The Perseverance will be able to drill under the Martian surface and store sample cores in tubes for possible future study. It also has ground penetrating radar that should help understand the structure underneath the surface, and it will drive along what had been a lake full of water, because, Brother Macke said, “when we’re looking for life, you follow the water.”
“The more we know about Mars, the more we can direct our focus in the search for life,” he said, adding that “Mars is the nearest and easiest and biggest laboratory for us to search for life.”
Brother Macke said the Vatican meteorite collection has about half a dozen specimens from Mars, including samples from the important Chassigny meteorite, which fell in France in 1815, and “Nakhla,” which fell in Egypt in 1911, and was held by Popes Benedict XVI and Francis.

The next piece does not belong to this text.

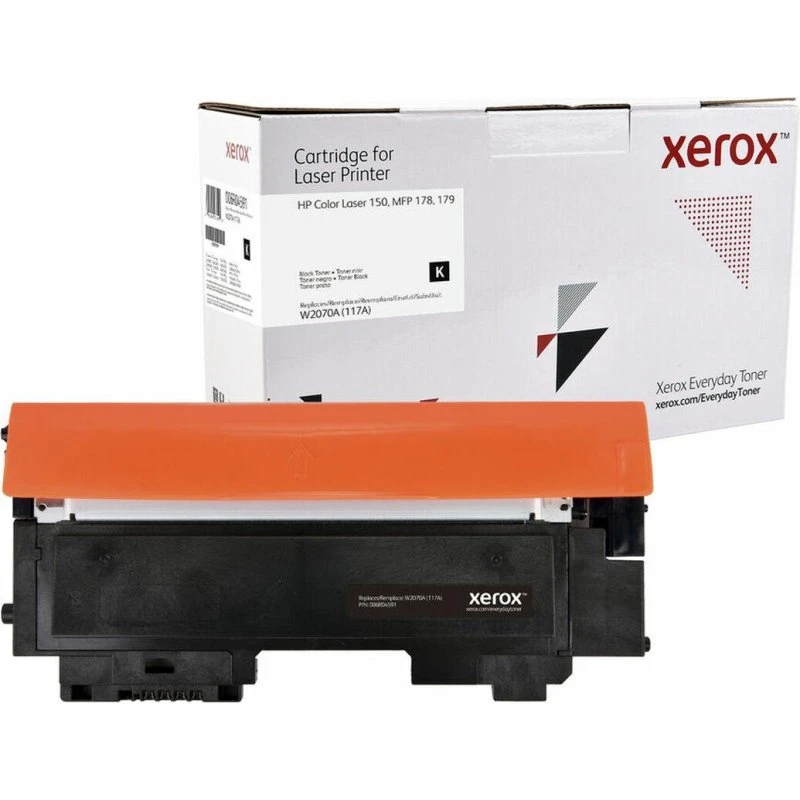 Xerox 006R04591 Sort Toner, 1.000 sider, kompatibel til HP W2070A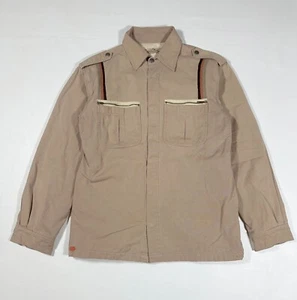 Komodo Kathmadu London Ethical Sustainable Jacket Knit Trim Mens Sz 3 US Lg - Picture 1 of 16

Brother Macke said he and a researcher in Houston are using data from Martian meteorites and comparing it with data from different Mars orbiters “to better understand and characterize the surface and immediate subsurface of Mars.”
The race to Mars has intensified with two other successful missions reaching their destinations in February: an orbiting craft sent by the United Arab Emirates, and a probe set to land by China.

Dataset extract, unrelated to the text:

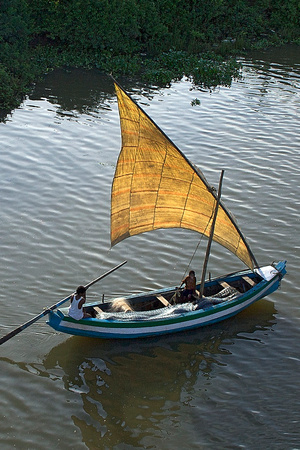 Fishing boat  in Andra Pradesh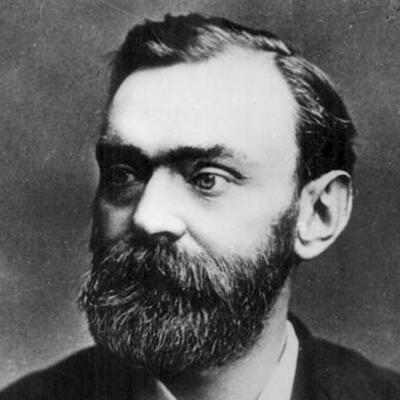 Timeline: ALFRED NOBEL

While those missions may have geopolitical overtones for some, for scientists — the more the better, he said.
“In the sciences, and planetary science in particular, we are an international community, and we have quite a tradition of collaborating amongst ourselves quite a bit,” he said.
“As far as I know, the data coming from these missions will be shared with scientists around the world,” the Jesuit said. “That is part of this scientific community is not one that is really bound by geopolitical borders.”